Safety — a word of caution

This is a low-level primitive and as such its implementation relies on unsafe. The test suite makes extensive use of [Loom] to assess its correctness. As amazing as it is, however, Loom is only a tool: it cannot formally prove the absence of data races.

Before St³ sees wider use in the field and receives greater scrutiny, you should exercise caution before using it in mission-critical software. It is a new concurrent algorithm and it is therefore possible that soundness issues will be discovered that weren't caught by the test suite.

Performance

Similarly to the Tokio queue, St³ uses no atomic fences and very few Read-Modify-Write operations: none for push and only one for pop and steal. push is also wait-free.

The first benchmark measures performance in the single-threaded, no-stealing case: a series of 64 push operations (or 256 in the large-batch case) is followed by as many pop operations.

Test CPU: i5-7200U.

| benchmark | queue | average time | |----------------------|----------------------------------|:------------:| | pushpop-smallbatch | St³ (LIFO) | 784 ns | | pushpop-smallbatch | Tokio (FIFO) | 820 ns | | pushpop-smallbatch | Crossbeam Deque (Chase-Lev) FIFO | 825 ns | | pushpop-smallbatch | Crossbeam Deque (Chase-Lev) LIFO | 1314 ns | | pushpop-largebatch | St³ (LIFO) | 3201 ns | | pushpop-largebatch | Tokio (FIFO) | 3298 ns | | pushpop-largebatch | Crossbeam Deque (Chase-Lev) FIFO | 5083 ns | | pushpop-largebatch | Crossbeam Deque (Chase-Lev) LIFO | 7188 ns |

The second benchmark is a synthetic test that aims at characterizing multi-threaded performance with concurrent stealing.

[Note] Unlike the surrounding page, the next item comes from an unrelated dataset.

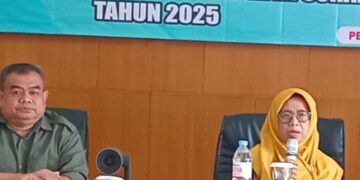 Menuju Wistara Paripurna, Pemkab Sukabumi Matangkan Verifikasi KKS Tingkat Pusat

It uses a toy work-stealing executor which schedules on each of 4 workers an arbitrary number of tasks from 1 to 256, each task being repeated by re-injection onto its worker an arbitrary number of times from 1 to 100. The number of tasks initially assigned to each workers and the number of times each task is to be repeated are deterministically pre-determined with a pseudo-RNG, meaning that the workload is the same for all benchmarked queues. All queues use the Crossbeam Dequeue work-stealing strategy: half of the tasks are stolen, up to a maximum of 32 tasks. Nevertheless, the re-distribution of tasks via work-stealing is ultimately non-deterministic as it is affected by thread timing.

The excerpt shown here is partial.